Provided records START
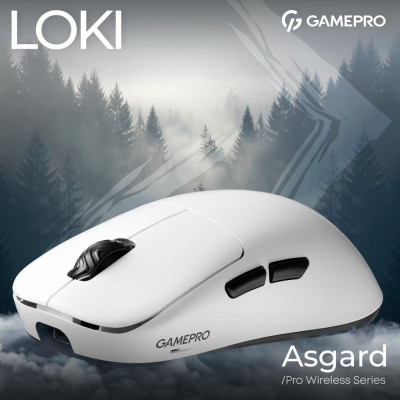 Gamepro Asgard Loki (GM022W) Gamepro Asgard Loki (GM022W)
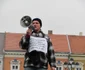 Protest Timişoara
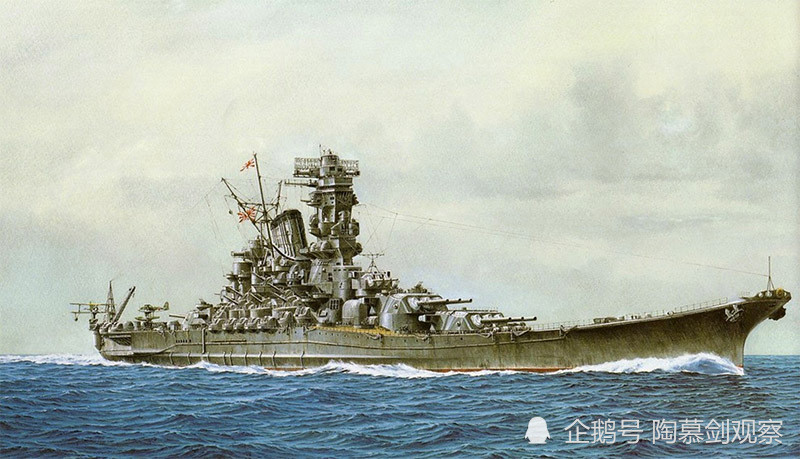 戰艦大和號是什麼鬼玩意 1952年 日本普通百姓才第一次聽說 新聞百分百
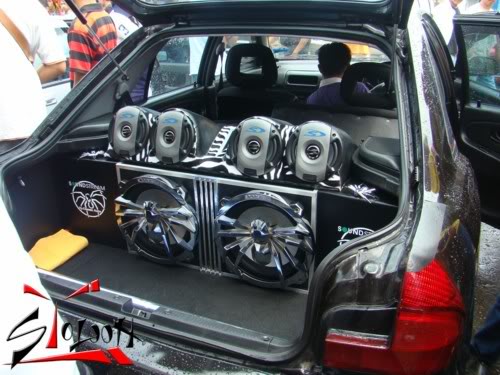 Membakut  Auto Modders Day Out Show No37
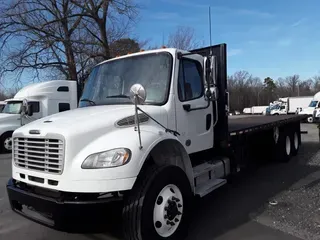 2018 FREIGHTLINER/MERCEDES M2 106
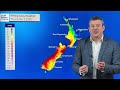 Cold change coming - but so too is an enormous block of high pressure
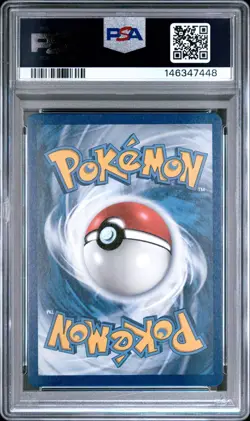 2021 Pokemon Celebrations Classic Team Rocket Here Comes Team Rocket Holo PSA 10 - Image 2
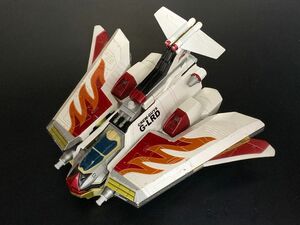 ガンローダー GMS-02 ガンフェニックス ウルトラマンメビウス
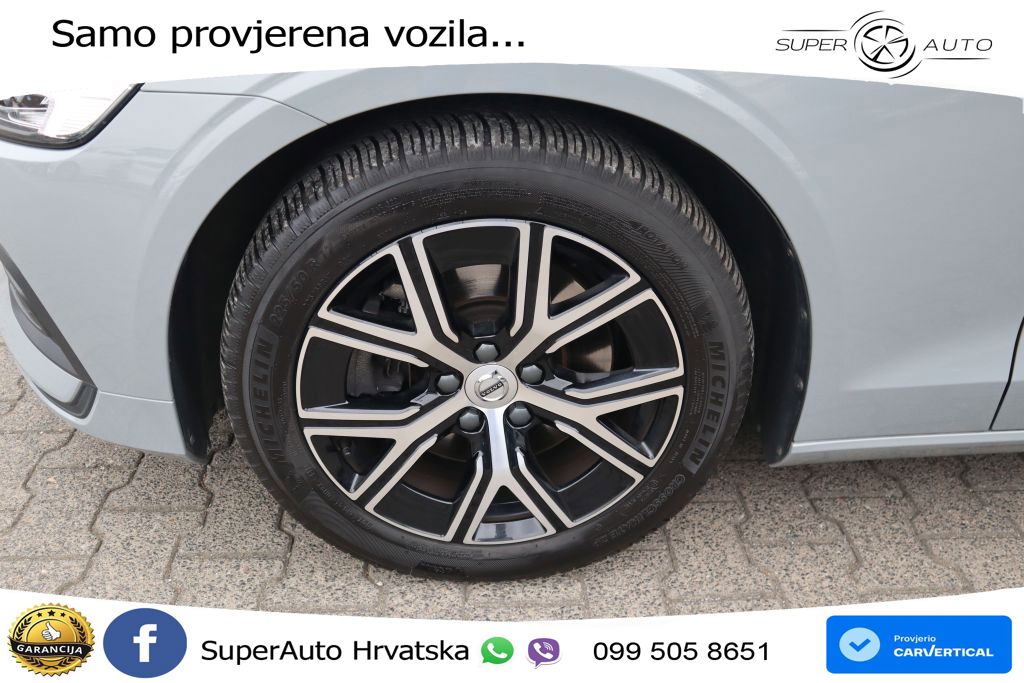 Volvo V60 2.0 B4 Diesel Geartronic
Provided records END
- [About this exercise] Pictures stay out; reproduce exactly the lines from the one containing "戰艦大和號是什麼鬼玩意 1952年 日本普通百姓才第一次聽說 新聞百分百" through the last line of the listing, both included.

- [Response area]
 戰艦大和號是什麼鬼玩意 1952年 日本普通百姓才第一次聽說 新聞百分百
 Membakut  Auto Modders Day Out Show No37
 2018 FREIGHTLINER/MERCEDES M2 106
 Cold change coming - but so too is an enormous block of high pressure
 2021 Pokemon Celebrations Classic Team Rocket Here Comes Team Rocket Holo PSA 10 - Image 2
 ガンローダー GMS-02 ガンフェニックス ウルトラマンメビウス
 Volvo V60 2.0 B4 Diesel Geartronic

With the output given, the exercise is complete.